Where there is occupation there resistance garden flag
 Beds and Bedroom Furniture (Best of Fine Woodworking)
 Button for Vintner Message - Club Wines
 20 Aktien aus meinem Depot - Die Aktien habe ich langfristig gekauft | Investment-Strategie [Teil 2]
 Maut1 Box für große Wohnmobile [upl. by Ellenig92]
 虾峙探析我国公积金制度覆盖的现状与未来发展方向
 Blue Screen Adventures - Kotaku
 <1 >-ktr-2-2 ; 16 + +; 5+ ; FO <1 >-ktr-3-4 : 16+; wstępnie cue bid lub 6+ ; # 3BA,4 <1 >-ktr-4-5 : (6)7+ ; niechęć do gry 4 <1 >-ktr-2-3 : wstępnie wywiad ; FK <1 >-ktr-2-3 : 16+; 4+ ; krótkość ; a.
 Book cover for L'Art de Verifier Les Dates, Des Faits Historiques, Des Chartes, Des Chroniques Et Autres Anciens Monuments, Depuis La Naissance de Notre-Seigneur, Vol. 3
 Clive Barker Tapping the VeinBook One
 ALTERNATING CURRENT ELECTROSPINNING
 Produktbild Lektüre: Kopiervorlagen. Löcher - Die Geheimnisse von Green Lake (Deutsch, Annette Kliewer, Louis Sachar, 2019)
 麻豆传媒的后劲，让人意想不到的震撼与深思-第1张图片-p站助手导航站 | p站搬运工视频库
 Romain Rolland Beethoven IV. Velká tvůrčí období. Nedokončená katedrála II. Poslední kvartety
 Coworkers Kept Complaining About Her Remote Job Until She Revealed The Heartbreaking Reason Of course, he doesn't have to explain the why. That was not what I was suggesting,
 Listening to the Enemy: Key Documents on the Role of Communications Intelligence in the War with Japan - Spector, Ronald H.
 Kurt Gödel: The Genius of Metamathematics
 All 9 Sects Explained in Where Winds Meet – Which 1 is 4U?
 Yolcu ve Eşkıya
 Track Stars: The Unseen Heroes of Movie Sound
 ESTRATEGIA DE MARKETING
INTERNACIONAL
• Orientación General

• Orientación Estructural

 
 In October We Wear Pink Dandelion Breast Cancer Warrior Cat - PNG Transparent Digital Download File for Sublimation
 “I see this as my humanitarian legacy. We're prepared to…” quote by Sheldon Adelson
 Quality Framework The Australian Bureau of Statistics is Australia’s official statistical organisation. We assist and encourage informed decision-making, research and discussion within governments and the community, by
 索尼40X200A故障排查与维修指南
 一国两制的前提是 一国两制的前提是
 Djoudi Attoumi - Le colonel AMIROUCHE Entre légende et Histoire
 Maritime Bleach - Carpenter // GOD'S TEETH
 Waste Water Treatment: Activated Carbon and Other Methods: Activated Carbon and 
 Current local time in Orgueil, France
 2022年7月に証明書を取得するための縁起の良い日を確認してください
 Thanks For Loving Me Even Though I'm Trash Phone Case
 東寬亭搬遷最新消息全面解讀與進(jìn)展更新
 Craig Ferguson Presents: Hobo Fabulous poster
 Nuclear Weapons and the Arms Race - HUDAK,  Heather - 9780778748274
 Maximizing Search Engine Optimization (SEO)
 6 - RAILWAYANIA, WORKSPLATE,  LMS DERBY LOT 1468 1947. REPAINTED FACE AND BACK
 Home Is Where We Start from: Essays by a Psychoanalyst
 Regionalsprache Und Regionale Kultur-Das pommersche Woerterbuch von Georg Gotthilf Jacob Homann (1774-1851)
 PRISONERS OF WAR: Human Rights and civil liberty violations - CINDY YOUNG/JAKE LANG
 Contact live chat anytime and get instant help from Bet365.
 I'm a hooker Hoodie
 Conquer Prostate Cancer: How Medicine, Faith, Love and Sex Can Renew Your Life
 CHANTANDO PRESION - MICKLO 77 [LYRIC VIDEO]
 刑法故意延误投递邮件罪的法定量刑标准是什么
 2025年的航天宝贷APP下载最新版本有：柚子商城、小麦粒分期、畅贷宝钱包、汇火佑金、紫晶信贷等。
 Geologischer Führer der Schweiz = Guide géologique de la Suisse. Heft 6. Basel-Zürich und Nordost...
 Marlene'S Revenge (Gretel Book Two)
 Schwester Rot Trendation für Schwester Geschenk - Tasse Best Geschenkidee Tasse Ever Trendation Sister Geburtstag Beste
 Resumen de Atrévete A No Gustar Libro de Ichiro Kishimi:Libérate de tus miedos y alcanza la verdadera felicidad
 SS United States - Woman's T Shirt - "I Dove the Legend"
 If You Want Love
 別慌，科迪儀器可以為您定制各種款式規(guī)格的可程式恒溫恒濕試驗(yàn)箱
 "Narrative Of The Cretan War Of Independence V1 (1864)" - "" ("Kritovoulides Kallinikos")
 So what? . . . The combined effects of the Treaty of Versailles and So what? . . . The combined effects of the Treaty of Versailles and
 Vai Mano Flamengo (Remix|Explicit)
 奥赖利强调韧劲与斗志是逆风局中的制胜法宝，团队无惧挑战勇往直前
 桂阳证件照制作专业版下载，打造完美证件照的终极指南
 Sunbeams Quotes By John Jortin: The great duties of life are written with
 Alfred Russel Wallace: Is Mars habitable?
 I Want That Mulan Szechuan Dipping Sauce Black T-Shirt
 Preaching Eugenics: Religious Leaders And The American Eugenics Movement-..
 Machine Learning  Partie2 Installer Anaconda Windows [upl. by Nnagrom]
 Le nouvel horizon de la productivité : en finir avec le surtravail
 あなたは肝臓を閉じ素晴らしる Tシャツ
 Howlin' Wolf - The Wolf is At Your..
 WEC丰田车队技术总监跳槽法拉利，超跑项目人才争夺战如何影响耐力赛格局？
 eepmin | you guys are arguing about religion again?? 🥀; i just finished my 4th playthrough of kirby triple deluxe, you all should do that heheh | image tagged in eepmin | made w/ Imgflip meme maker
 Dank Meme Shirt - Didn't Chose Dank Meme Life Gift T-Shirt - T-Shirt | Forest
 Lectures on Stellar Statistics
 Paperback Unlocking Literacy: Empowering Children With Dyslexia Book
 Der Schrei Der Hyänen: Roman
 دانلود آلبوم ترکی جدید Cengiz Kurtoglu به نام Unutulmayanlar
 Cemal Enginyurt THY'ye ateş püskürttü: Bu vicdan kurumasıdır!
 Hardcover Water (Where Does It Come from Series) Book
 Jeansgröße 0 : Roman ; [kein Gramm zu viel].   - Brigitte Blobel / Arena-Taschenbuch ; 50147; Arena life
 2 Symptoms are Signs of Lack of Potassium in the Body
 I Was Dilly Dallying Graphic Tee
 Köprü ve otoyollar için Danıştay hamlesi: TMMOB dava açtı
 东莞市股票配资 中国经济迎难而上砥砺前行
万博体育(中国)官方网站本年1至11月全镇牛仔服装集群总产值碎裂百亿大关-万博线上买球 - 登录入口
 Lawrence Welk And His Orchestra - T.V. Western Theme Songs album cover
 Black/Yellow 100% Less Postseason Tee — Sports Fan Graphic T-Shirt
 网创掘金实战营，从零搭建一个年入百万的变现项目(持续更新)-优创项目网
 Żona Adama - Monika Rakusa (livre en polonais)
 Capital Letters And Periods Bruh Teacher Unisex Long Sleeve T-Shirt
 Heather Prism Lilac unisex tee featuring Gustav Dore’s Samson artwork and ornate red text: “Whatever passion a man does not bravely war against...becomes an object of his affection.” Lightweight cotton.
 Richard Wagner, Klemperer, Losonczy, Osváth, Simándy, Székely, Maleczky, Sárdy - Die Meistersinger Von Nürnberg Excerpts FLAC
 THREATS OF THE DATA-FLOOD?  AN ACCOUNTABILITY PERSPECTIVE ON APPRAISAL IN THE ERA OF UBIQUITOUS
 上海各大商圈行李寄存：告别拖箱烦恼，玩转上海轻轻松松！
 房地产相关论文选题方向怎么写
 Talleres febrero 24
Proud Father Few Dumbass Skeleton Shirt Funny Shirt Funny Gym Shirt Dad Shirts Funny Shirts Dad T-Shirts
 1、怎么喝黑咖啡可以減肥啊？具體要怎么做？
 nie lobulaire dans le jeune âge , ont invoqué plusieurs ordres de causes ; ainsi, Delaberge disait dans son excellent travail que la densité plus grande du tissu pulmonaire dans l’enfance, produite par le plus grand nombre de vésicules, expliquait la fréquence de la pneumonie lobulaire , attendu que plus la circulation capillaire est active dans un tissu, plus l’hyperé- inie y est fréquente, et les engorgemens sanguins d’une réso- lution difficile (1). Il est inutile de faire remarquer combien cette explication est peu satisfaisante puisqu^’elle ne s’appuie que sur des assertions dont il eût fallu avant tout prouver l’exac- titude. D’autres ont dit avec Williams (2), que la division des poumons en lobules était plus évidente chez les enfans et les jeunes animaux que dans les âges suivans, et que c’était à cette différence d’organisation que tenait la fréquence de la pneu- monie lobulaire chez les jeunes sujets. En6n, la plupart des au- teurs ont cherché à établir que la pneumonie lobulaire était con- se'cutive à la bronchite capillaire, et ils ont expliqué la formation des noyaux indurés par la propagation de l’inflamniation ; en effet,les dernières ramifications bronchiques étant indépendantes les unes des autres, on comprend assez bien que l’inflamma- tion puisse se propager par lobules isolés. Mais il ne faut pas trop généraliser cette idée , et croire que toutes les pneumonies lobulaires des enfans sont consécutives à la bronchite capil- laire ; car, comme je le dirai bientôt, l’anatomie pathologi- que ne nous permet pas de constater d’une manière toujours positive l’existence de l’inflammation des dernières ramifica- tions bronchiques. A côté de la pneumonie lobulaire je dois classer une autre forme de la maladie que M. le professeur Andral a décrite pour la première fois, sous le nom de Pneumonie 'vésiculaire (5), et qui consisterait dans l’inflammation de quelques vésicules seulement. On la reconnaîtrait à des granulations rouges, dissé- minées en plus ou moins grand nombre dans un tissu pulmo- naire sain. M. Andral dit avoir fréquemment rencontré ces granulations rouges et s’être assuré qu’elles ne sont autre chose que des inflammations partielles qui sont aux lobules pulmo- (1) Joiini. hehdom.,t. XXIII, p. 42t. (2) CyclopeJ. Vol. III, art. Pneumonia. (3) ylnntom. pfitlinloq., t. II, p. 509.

== == ==

The task
Give the number of lines in the entries above that include the word "Heather", and nothing more.

Solution below
2